The source generator turns that into the matching pg_finfo_* + wrapper pair - a small generated function that decodes PG's FunctionCallInfo arguments, forwards to the C# method, and encodes the return value as a Datum. The generator also derives STRICTness from C# nullable annotations and emits the CREATE FUNCTION SQL. Writing a new function is one method with one attribute.

Status

Experimental. The foundation is solid (114 integration tests pass against postgres:18), but several pieces remain:

  • No PG_TRY / PG_CATCH interop. Error reporting itself works correctly: NOTICE / WARNING / ERROR with proper SQLSTATE all flow to the client, and the connection stays healthy after an ERROR (PG aborts the statement, cleans up its memory contexts, returns the error). What doesn't run is C# finally / Dispose - PG's siglongjmp skips over the managed stack frames. Workaround: don't hold external resources (HttpClient, FileStream, etc.) across calls that might raise.
  • Limited type catalog (no arrays, bytea, timestamptz, interval, custom types).
  • Limited toolkit coverage (no aggregates, triggers, hooks, GUCs, SPI, background workers).

Motivation

I wanted to see how far .NET 10 Native AOT could go for building Postgres extensions, which are usually written in C or Rust. The project is a result of that exploration: how much of the pgrx-equivalent surface can you build with [UnmanagedCallersOnly], DirectPInvoke, and a Roslyn source generator?

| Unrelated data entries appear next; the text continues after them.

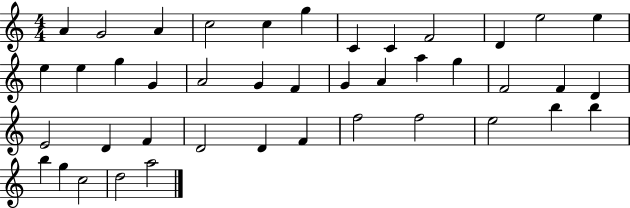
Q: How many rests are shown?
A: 0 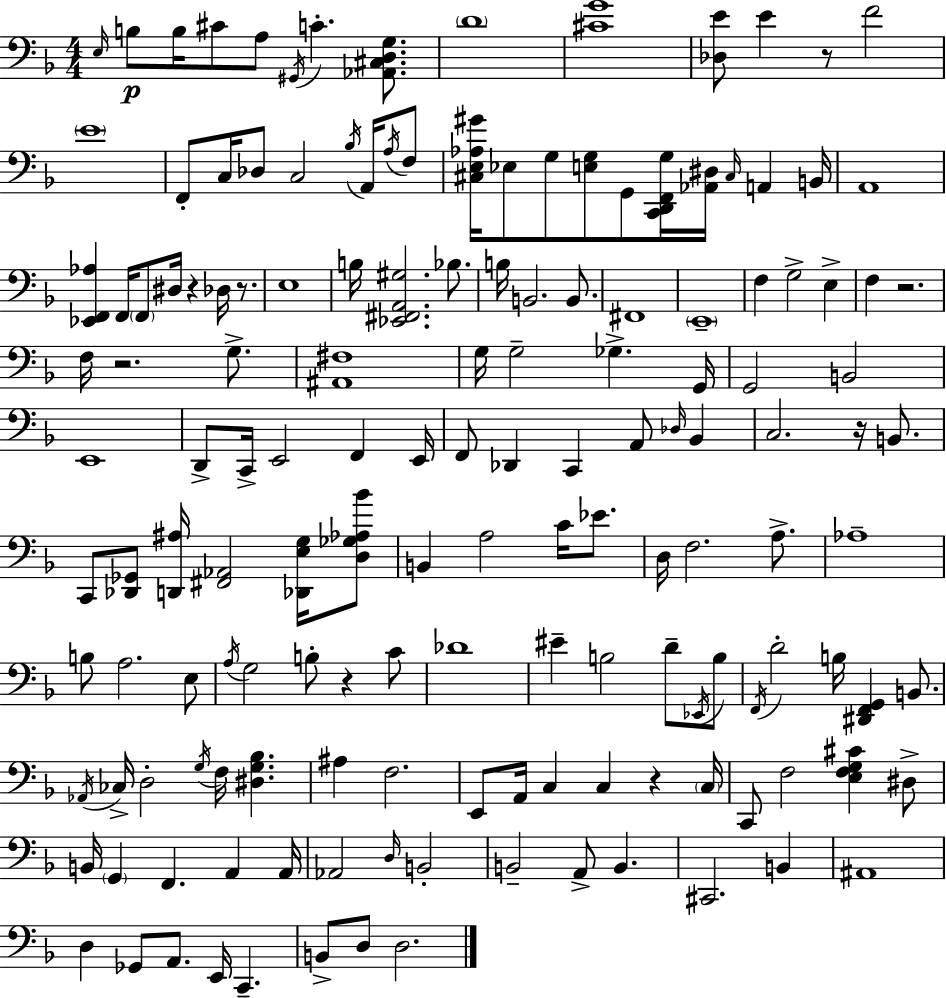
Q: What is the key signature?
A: D minor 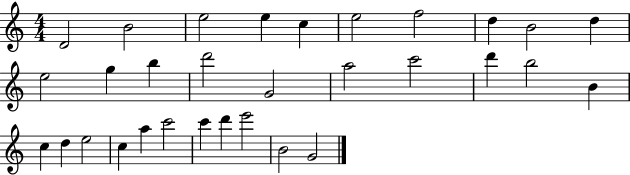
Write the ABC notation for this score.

X:1
T:Untitled
M:4/4
L:1/4
K:C
D2 B2 e2 e c e2 f2 d B2 d e2 g b d'2 G2 a2 c'2 d' b2 B c d e2 c a c'2 c' d' e'2 B2 G2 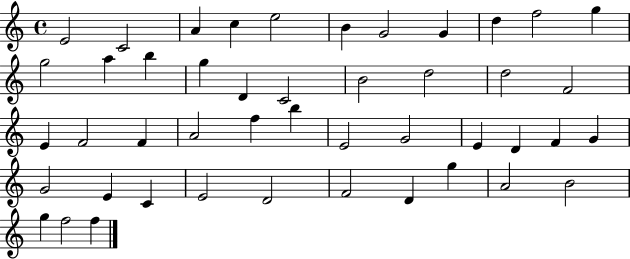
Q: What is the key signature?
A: C major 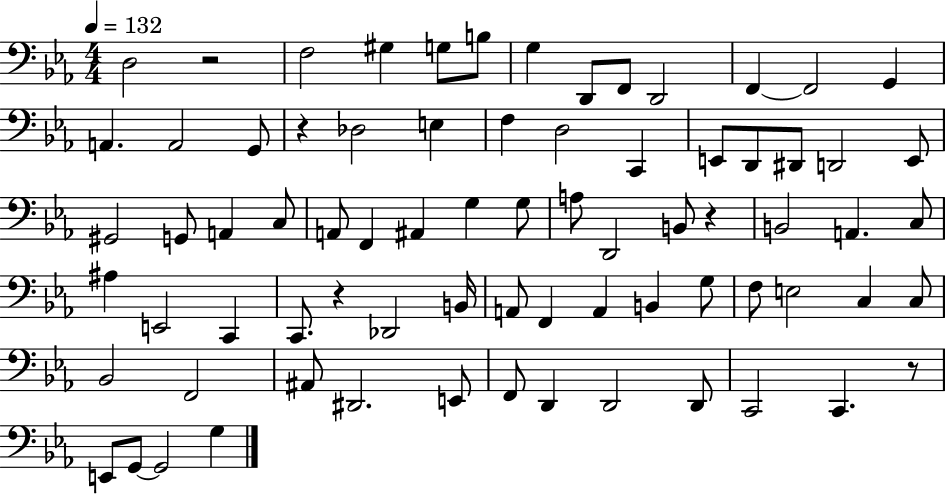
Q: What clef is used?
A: bass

Example: a JSON Schema validator extension

SharpPostgres.JsonSchemaCheck is the real-life example. Two SQL functions backed by JsonSchema.Net, with an internal cache so each schema literal is parsed once per backend.

using SharpPostgres;

[assembly: PgExtension("0.1.0",
    Comment = "JSON Schema validation for Postgres, written in C# (Native AOT)")]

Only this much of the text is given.